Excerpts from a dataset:

########

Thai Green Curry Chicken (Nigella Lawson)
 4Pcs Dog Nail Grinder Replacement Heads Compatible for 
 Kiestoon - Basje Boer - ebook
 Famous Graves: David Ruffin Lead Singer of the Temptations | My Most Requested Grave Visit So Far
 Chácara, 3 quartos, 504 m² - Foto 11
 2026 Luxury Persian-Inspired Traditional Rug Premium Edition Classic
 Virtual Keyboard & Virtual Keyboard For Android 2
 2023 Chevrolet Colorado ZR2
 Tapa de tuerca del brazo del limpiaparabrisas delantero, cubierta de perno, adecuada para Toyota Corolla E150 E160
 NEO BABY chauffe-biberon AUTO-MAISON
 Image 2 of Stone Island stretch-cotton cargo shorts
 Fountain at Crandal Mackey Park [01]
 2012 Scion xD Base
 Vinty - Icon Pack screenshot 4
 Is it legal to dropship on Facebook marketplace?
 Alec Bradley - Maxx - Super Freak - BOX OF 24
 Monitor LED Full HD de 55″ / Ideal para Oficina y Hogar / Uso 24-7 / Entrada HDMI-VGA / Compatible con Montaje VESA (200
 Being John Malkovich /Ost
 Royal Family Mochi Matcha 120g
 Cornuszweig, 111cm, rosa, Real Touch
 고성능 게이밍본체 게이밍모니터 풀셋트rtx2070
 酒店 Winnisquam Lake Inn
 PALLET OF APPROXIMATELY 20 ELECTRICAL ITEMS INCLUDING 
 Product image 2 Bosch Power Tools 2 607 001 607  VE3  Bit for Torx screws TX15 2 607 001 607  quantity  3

########

** What the task requires **
Check each line above for the string "para" and report how many lines have it, giving only the number.

** Response to this task **
2